Nitekim 12 Eylül’den önce verilen
27 Aralık 1979 “muhtıra - mektubu”nda da Bakanlar Kurulu hep toplantı halinde
idi. Demirel komuta kademesinin görevden alınması ile ilgili Cumhurbaşkanı ile
devamlı görüşüyordu. Ancak Cumhurbaşkanı kararnâmeyi imzalamadı…
12 EYLÜL DARBESİ ÖNCESİ 30
AĞUSTOS’TA ASKERLERİN TAVRI
12 Eylül darbesi öncesinde nelerle
karşılaştınız? Darbeye dair duyum ve tesbitleriniz nelerdir?
Başbakan Sayın Demirel’le devamlı
bazı arkadaşlarla birlikte sürekli istişâre ederdik. 12 Eylül öncesinde
Genelkurmay’da 30 Ağustos (1980) Bayramının bayramlaşması vardı. -Esasında o da
bir garip bayramlaşmadır. Askerler duracak, tayin ettiğiniz Genel Kurmay Başkanı’yla,
tayin ettiğiniz komutanla gidip bayramlaşıyorsunuz, tebrik ediyorsunuz!-
Demirel’le törene gittik. Evren o
zaman Genelkurmay Başkanı. Evren’in ve kuvvet komutanlarının tavrını hiç
beğenmedim, beğenmedik. Ardından Demirel’e dedim ki, “Efendim, bunların size
öyle bir bakışı vardı ki, darbe yapacaklar gâliba.”
Bayramlaşmadaki tavırdan sonra
“Sayın Demirel, Sayın Necmettin Cevheri ile birlikte gelin değerlendirelim”
dedi. Duyumlarımız da olmuştu. Bunlar darbeye hazırlanıyorlardı.

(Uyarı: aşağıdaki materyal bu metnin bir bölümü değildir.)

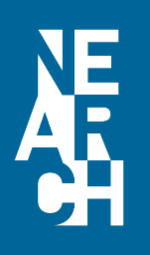 nearch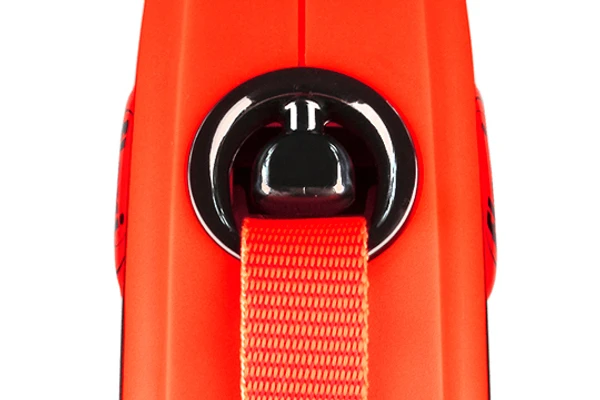 Flexi Xtreme M -Tape 5m/max. 35kg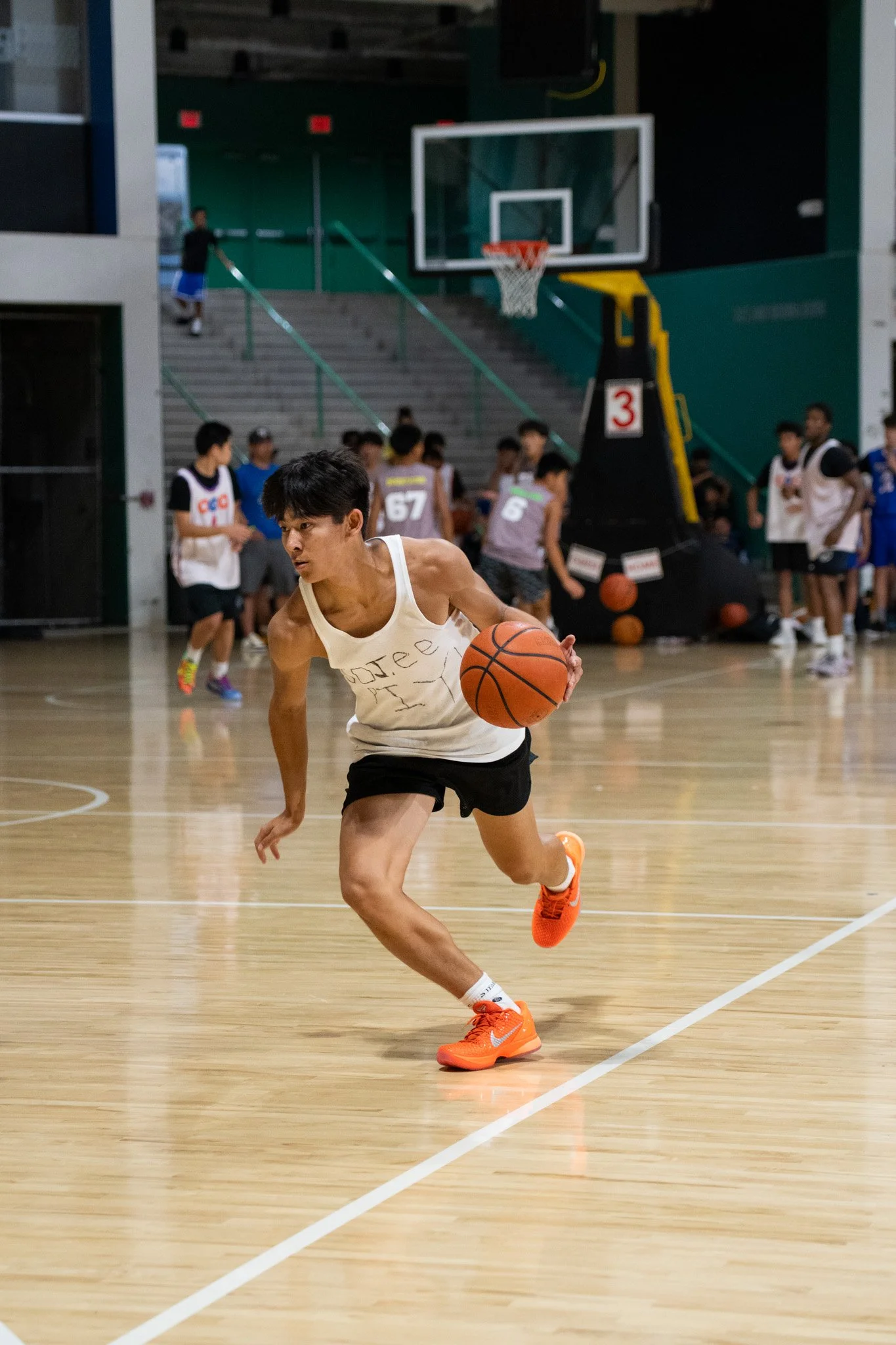 DSC04671.jpg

Nitekim o dönemde Evren’in
Amerika’dan getirtip Genelkurmay İkinci Başkanı yaptığı paşa, bir gün
Kocaeli’ne gitmiş. Biz de Demirel ile birlikte Meclis’teydik. Bana bir telefon
geldi. Arayan eski bir milletvekiliydi. “Kumanda zinciri kuruldu, yanımda bir
tümgeneral var” dedi. Bunu Demirel’e ifâde ettim. “Tamam, sen onu tâkip etmeye
devam et, irtibatını koru” dedi. Tabi biz de bekliyoruz artık…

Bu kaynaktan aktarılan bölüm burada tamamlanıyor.